Towards Unsupervised Visual Reasoning: Do off-the-shelf features know how to reason?

Monika Wysoczańska

supervisor: Tomasz Trzciński



Recent advances in visual representation learning allowed to build a plethora of powerful features that are ready-to-use for numerous downstream tasks. Contrary to existing representation evaluations, the goal of this work is to assess how well these features preserve information about the objects, such as their spatial location, their visual properties and their relative relationships. We propose to do so by evaluating them in the context of visual reasoning, where multiple objects with complex relationships and different attributes are at play.

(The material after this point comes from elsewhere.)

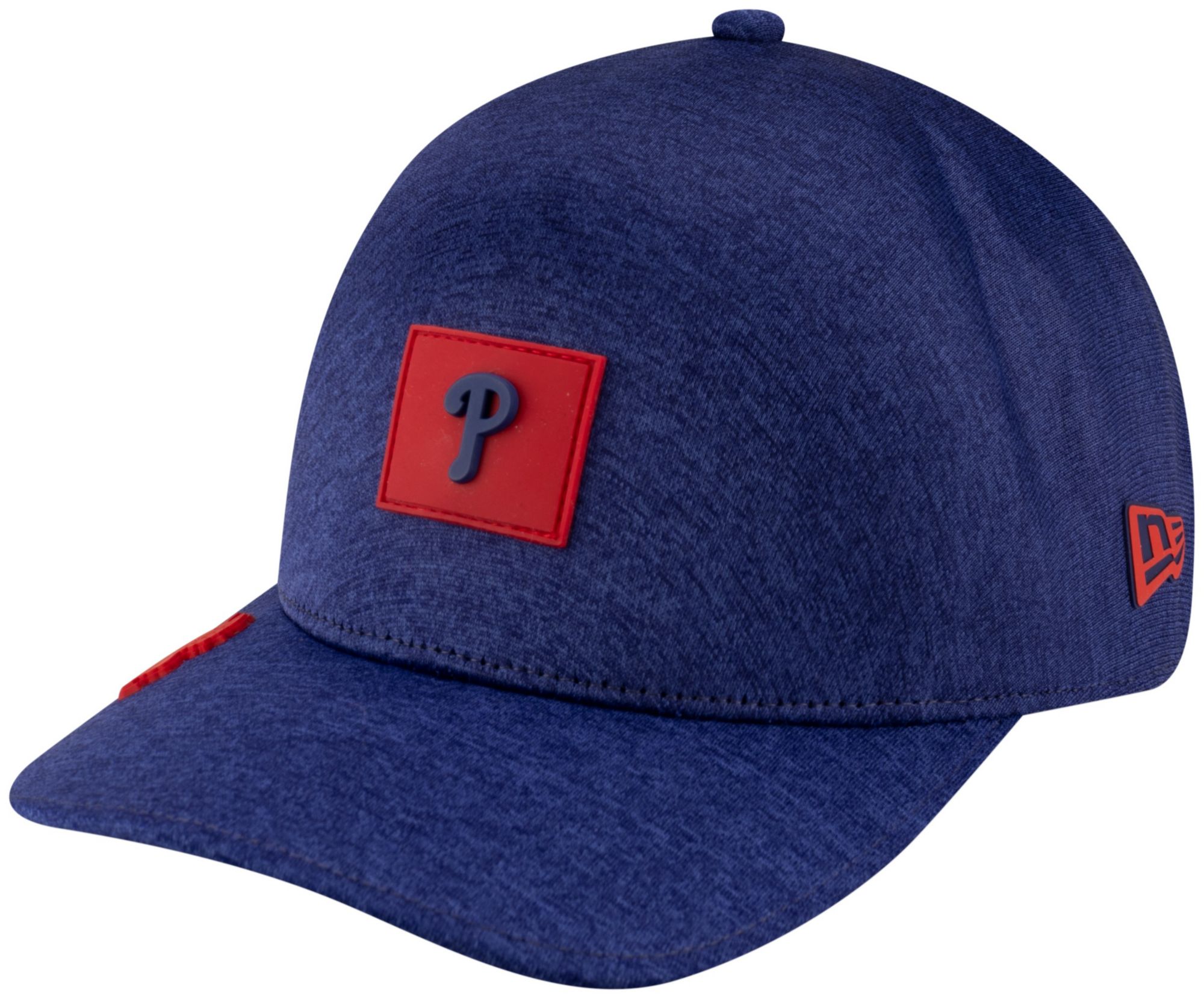 New Era Adult Philadelphia Phillies Navy Clubhouse 39Thirty Adjustable Hat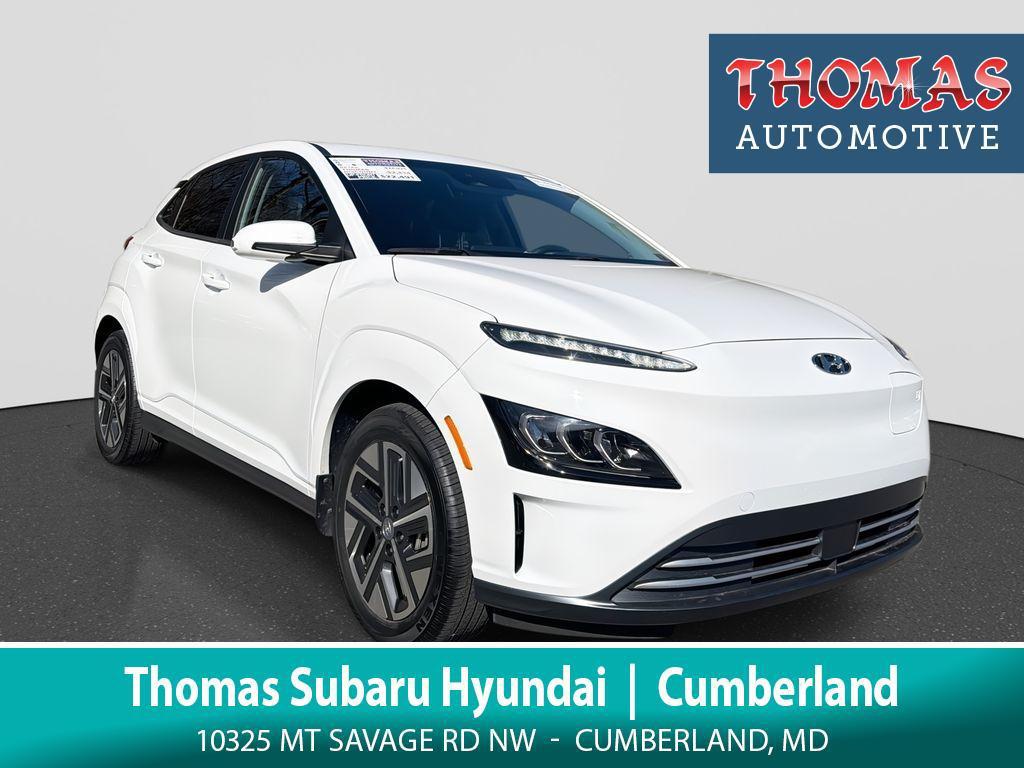 used 2023 Hyundai Kona EV car, priced at $22,491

Our underlying assumption is that reasoning performances are strongly correlated with the quality of visual representations. More specifically, we introduce a protocol to evaluate visual representations for the task of Visual Question Answering. We build an attention-based reasoning module with limited capacity trained on top of the frozen visual features to be evaluated. In order to decouple visual feature extraction from reasoning, we design a specific attention-based reasoning module of limited capacity and trained on the frozen visual representations to be evaluated in a spirit similar to standard feature evaluations relying on shallow networks. This involves constraining the complexity of the reasoning module as well as the size of the visual features. Using the proposed evaluation framework, we compare two types of off-the-shelf visual representations, densely extracted local features and object-centric ones.